Toujours est-il que même avec seulement 28 candidats officiellement retenus, ce nombre reste élevé pour un pays de 15 millions d’habitants comme le Mali. Faut-il s’en réjouir et voir le verre à moitié plein ou s’en désoler et le voir à moitié vide? De prime abord, on serait tenté de voir en cet engouement pour la fonction présidentielle un signe de vitalité de la démocratie malienne, qui totalise, à ce jour, près de 200 partis politiques. D’autant que l’une des revendications majeures qui ont motivé la révolution de mars 1991 résidait dans un multipartisme intégral.
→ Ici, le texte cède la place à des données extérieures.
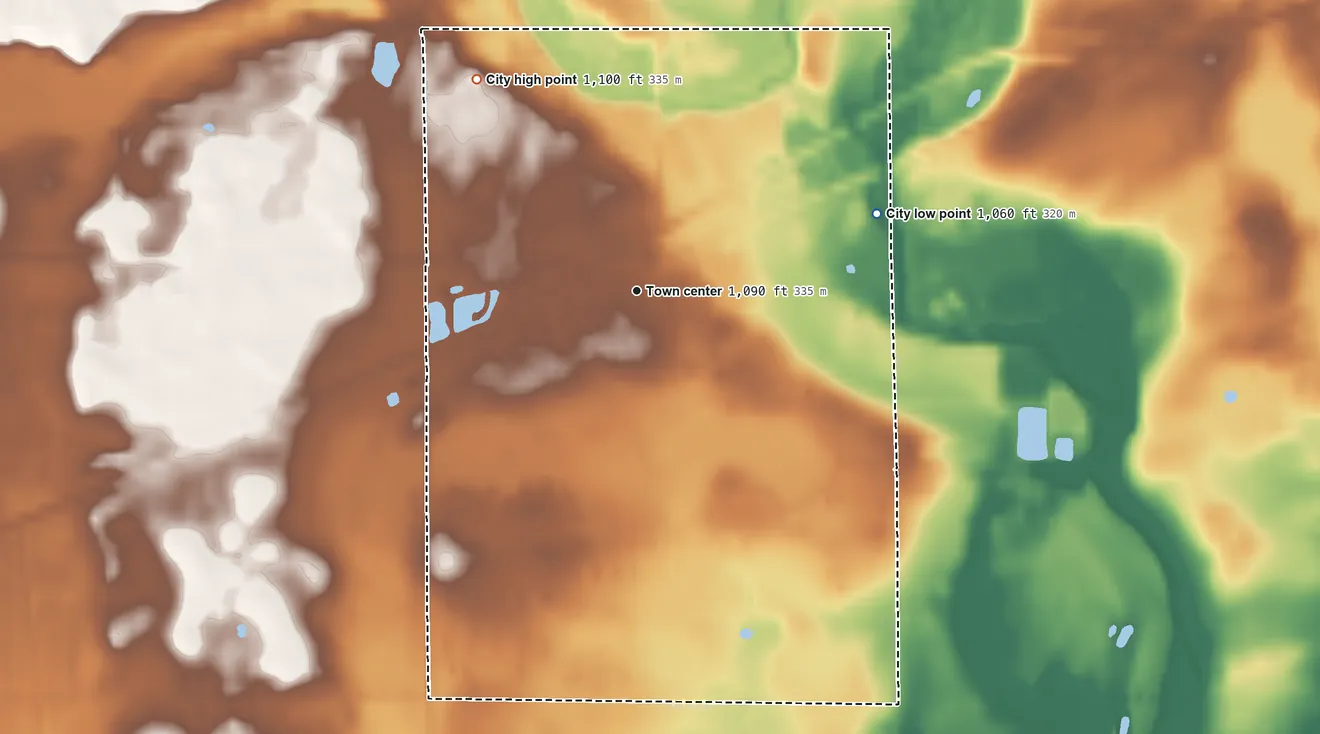 Topographic elevation map of Foreston, Minnesota, shaded from 1,060 ft on the east side to 1,100 ft on the northwest side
Mais, à y voir de près, une fois le vernis gommé, les choses ne sont pas aussi simples qu’elles en ont l’air. Car, à décrypter les programmes de ces partis, pour ceux qui en ont, l’on voit bien qu’il n’y a pas 200 projets de société différents pour le Mali. Et que dans les pays pris pour modèles en matière de démocratie, comme la France et les Etats-Unis d’Amérique, c’est pratiquement le bipartisme. En effet, dans ces pays la vie politique est dominée principalement par deux grands partis ou ailes politiques. Aux Etats-Unis, ce sont les Démocrates et les Républicains. En France, ce sont la Droite et la Gauche.
Tout près de nous, au Nigeria, c’est pratiquement la même configuration. Dans tous les cas, on est très loin de l’hyperinflation de formations politiques qu’on constate chez nous. Il est vrai qu’on peut mettre ce phénomène sur le compte de l’immaturité de la démocratie chez nous. En effet, alors qu’au Mali le processus démocratique sort à peine de la vingtaine, aux Etats-Unis, par exemple, ce processus a dépassé depuis belle lurette les cent ans. Si bien qu’au Mali on est fondé à parler de crise d’adolescence de la démocratie. On peut, néanmoins, se surprendre à rêver d’une fusion de la plupart de ces partis, sur le long terme, pour former des entités politiques à même de mieux prendre en charge les aspirations légitimes du peuple malien. Surtout quand on sait que la plupart de ces formations sont des partis lilliputiens, voire des Partis unipersonnels à responsabilité limitée (PURL).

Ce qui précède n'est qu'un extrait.